In Hawking's final book, Brief Answers to Big Questions, published Tuesday, the theoretical physicist and cosmologist, who was smart enough to be played by Eddie Redmayne in the movie of his life, tackled one of life's oldest and most hard questions-Is there a God?
"There is no God. No one directs the universe", he writes in "Brief Answers to the Big Questions".
While that answer is undoubtedly unsettling for people of faith, they may take some comfort knowing that Hawking doesn't think we're entirely alone in the universe. He wrote that there are "forms of intelligent life out there". They're just not "God" in the Judeo-Christian-Muslim sense of the word. Hawking's family and colleagues worked, er, religiously to complete the manuscript with help from his archives.
In the final chapter of his book, the renowned scientist offered one last bit of advice in answering the question "How do we shape the future?"
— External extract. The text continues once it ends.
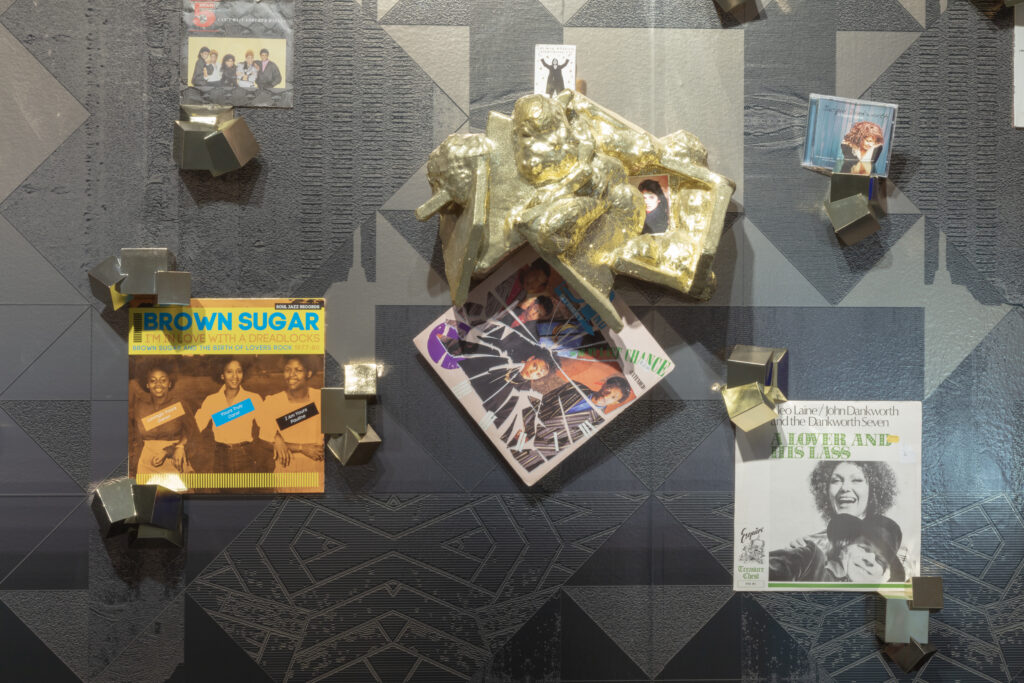 Installation view, Sonia Boyce: FEELING HER WAY, 2024, PHI Foundation. Sonia Boyce, Devotional Collection, 1999-ongoing; Gold wallpaper, 2022 © DACS, London / CARCC Ottawa 2024 / © Fondation PHI pour l’art contemporain, photo: Richard-Max Tremblay. 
And he leaves open the possibility of other phenomena.
"He realized that people specifically wanted his answers to these questions", Lucy told CNN.
Lucy Hawking said her father saw the world on the cusp of a "vast transformative change" when he died, but was troubled over how "divided we've become".
In remarks prepared by Hawking and played at the launch of the book in London on Monday, the scientist also turned his attention to the world he was leaving behind.
"With Brexit and Trump now exerting new forces in relation to immigration and the development of education, we are witnessing a global revolt against experts, and that includes scientists", Hawking said.
According to his daughter, Hawking believed that "We seem to have lost the ability to look outward, and we are increasingly looking inward to ourselves", a harsh indictment from a man who spent decades in a wheelchair unable to speak, and a warning worth heeding.
Hawking's final message to readers, though, is a hopeful one.
"Remember to look up at the stars and not down at your feet", he wrote.